Democracy is powered by debate and diversity and founded upon a belief in people’s assailable right to freedom of speech, worship and assembly – liberties which have been lost or never experienced in much of the world.
There are individuals and organisations that regard parliamentary democracy not as a treasure of a civilised society but as a target to destroy. Yesterday’s incident brought back memories of last year’s brutal murder of PC Keith Palmer by a fanatic.
There is nothing noble or principled about the nihilism and lunacy which drives individuals to commit acts of carnage, regardless of whether the perpetrators are “lone wolves” or part of a movement of extremists convinced it has a mandate to conquer and enslave others.
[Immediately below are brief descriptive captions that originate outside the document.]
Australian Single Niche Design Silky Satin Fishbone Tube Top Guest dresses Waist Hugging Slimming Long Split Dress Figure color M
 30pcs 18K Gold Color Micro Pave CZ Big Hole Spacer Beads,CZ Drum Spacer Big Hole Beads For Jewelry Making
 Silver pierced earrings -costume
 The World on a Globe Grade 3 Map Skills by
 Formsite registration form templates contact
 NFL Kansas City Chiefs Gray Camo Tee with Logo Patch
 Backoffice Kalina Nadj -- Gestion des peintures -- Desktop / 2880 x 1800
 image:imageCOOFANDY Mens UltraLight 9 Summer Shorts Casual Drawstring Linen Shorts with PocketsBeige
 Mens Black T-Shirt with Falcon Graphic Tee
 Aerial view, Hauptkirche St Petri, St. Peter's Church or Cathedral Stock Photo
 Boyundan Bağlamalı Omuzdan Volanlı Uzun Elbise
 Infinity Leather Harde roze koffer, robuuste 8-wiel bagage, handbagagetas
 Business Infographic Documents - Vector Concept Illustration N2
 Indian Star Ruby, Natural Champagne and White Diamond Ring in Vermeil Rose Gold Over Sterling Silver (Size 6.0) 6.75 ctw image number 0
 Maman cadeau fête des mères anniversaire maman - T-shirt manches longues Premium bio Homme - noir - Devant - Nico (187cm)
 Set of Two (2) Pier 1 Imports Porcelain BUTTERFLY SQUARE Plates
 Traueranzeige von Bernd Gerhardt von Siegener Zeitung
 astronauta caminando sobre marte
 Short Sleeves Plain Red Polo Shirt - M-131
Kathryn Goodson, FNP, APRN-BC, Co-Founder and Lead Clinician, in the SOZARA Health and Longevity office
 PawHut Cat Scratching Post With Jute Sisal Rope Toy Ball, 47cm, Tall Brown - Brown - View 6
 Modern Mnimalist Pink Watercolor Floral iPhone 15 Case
Londoners demonstrated their strength in the way they shrugged off the incident as the act of an idiot who deserved nothing but disdain. There was no pulse of panic running through the city as people found new routes to get to work; these men and women have no intention of granting fanatics a victory by living in fear of their outrages.
Similarly, as the people of so many cities targeted by terrorists in recent years have demonstrated, they will refuse to look at fellow commuters, shoppers or workers with suspicion because of how they dress or pray. Extremists are terrified of the success of democracies at bringing together people of different languages, ethnicities and faiths around a shared set of universal values. They dread a world in which people do not just show toleration but befriend and love their neighbours – yet that is the reality and the future we are blessed to know and defend.